# AutoML: Train "the best" Image Classification Multi-Class model for a 'Fridge items' dataset.

**Requirements** - In order to benefit from this tutorial, you will need:
- A basic understanding of Machine Learning
- An Azure account with an active subscription. [Create an account for free](https://azure.microsoft.com/free/?WT.mc_id=A261C142F)
- An Azure ML workspace. [Check this notebook for creating a workspace](/sdk/resources/workspace/workspace.ipynb) 
- A Compute Cluster. [Check this notebook to create a compute cluster](/sdk/resources/compute/compute.ipynb)
- A python environment
- Installed Azure Machine Learning Python SDK v2 - [install instructions](/sdk/README.md#getting-started)

**Learning Objectives** - By the end of this tutorial, you should be able to:
- Connect to your AML workspace from the Python SDK
- Create an `AutoML Image Classification Multiclass Training Job` with the 'image_classification()' factory-function.
- Train the model using AmlCompute by submitting/running the AutoML training job
- Obtaing the model and score predictions with it

**Motivations** - This notebook explains how to setup and run an AutoML image classification-multiclass job. This is one of the nine ML-tasks supported by AutoML. Other ML-tasks are 'forecasting', 'classification', 'image object detection', 'nlp text classification', etc.
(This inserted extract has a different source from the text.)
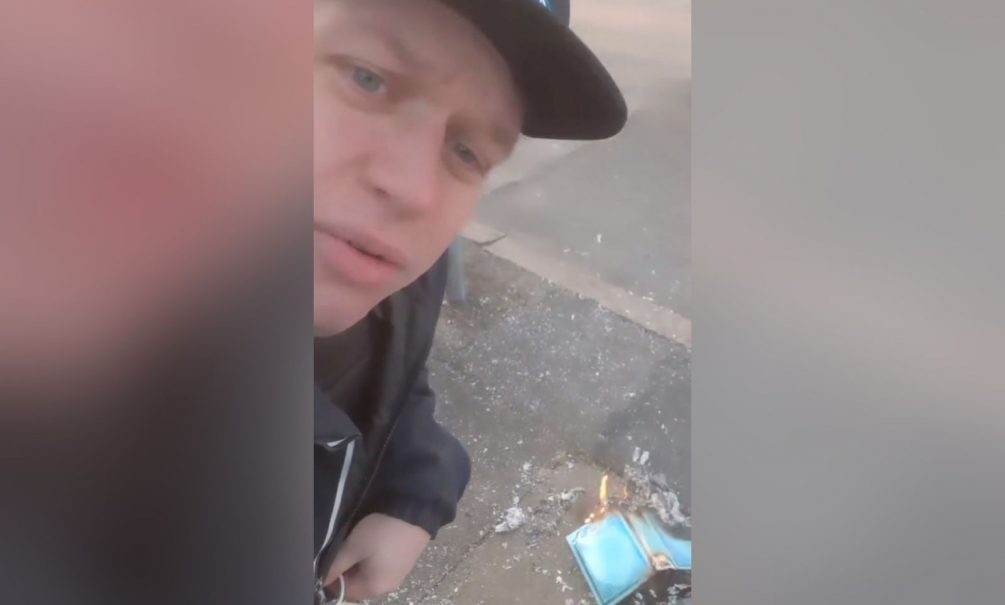 Датско-шведский радикал Палудан сжег Коран перед посольством России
In this notebook, we go over how you can use AutoML for training an Image Classification Multi-Class model. We will use a small dataset to train the model, demonstrate how you can tune hyperparameters of the model to optimize model performance and deploy the model to use in inference scenarios. 

# 1. Connect to Azure Machine Learning Workspace

The [workspace](https://docs.microsoft.com/en-us/azure/machine-learning/concept-workspace) is the top-level resource for Azure Machine Learning, providing a centralized place to work with all the artifacts you create when you use Azure Machine Learning. In this section we will connect to the workspace in which the job will be run.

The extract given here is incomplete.